Produce a faithful copy of the data, one that leaves out the pictures.
--- Recorded information Enclosed Below ---
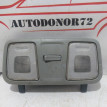 Плафон салонный передний Hyundai Solaris Hyundai Solaris оригинальный номер 928504L0008M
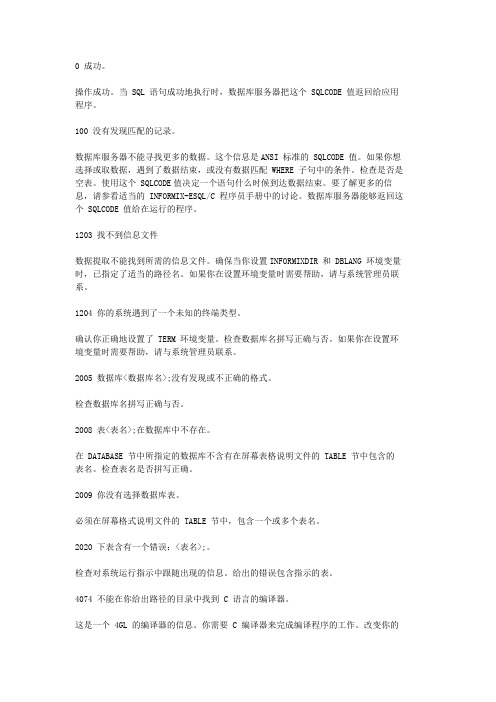 Informix错误代码中文解释(转1)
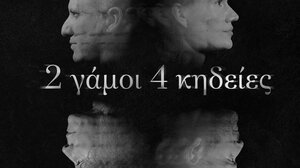 Το The Garage επιστρέφει στο Ηράκλειο με την παράσταση "2 γάμοι 4 κηδείες"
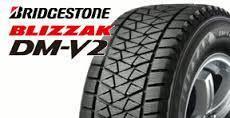 最新　国内正規品　SUV.4×4スタッドレス　DM-V2　275/60R18　113Q　BLIZZAK　DMV2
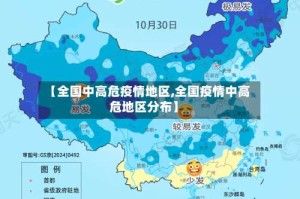 【全国中高危疫情地区,全国疫情中高危地区分布】
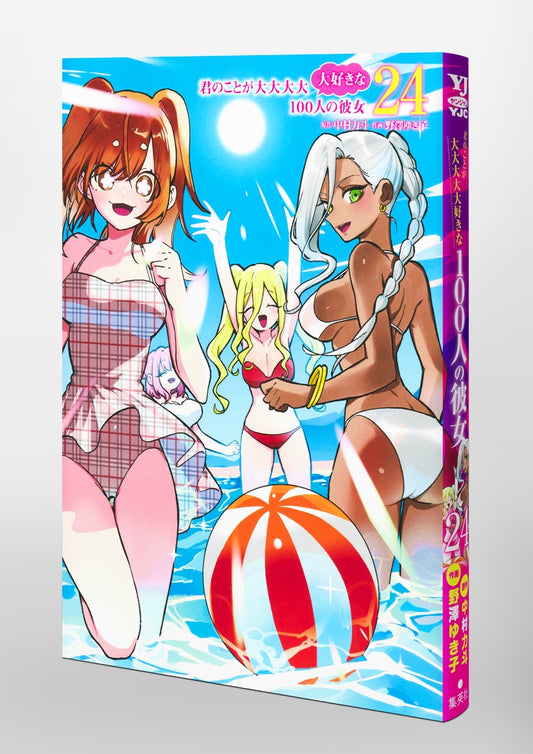 Young Jump Comics The 100 Girlfriends Who Really, Really, Really, Really, Really Love You Vol. 24 Japanese paperback cover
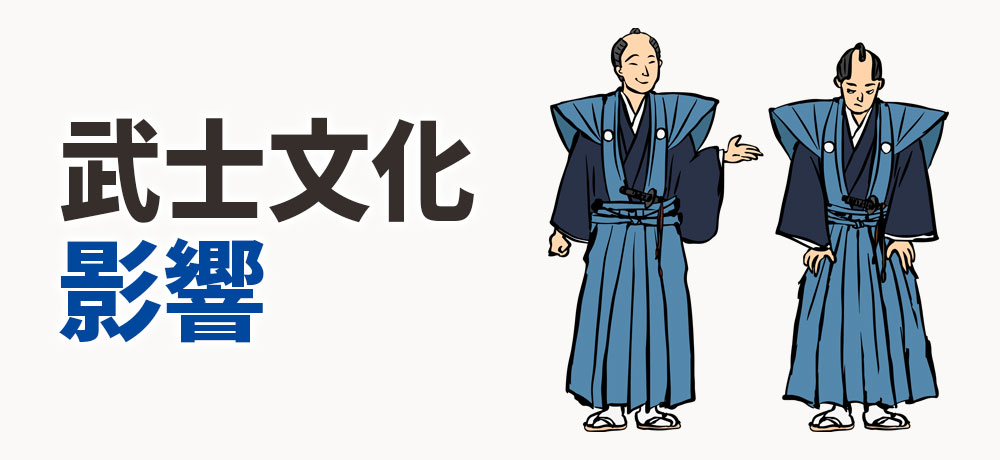 関東風の特徴：背開きでふっくら蒸し焼き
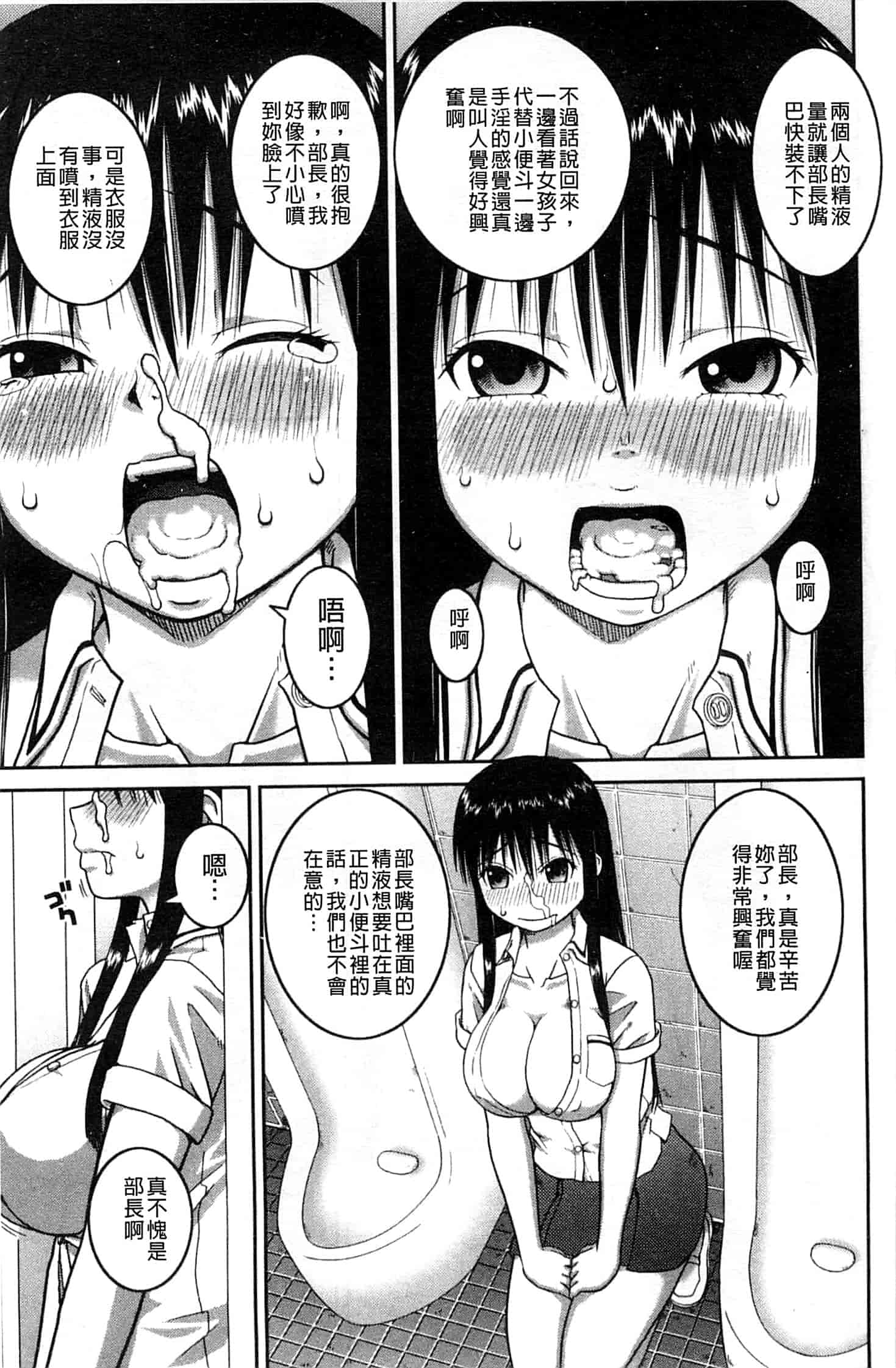 汉化版-[樺島あきら] 露出変態マニュアル_第1集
--- End of Enclosed Recorded information ---
Answer space:
 Плафон салонный передний Hyundai Solaris Hyundai Solaris оригинальный номер 928504L0008M
 Informix错误代码中文解释(转1)
 Το The Garage επιστρέφει στο Ηράκλειο με την παράσταση "2 γάμοι 4 κηδείες"
 最新　国内正規品　SUV.4×4スタッドレス　DM-V2　275/60R18　113Q　BLIZZAK　DMV2
 【全国中高危疫情地区,全国疫情中高危地区分布】
 Young Jump Comics The 100 Girlfriends Who Really, Really, Really, Really, Really Love You Vol. 24 Japanese paperback cover
 関東風の特徴：背開きでふっくら蒸し焼き
 汉化版-[樺島あきら] 露出変態マニュアル_第1集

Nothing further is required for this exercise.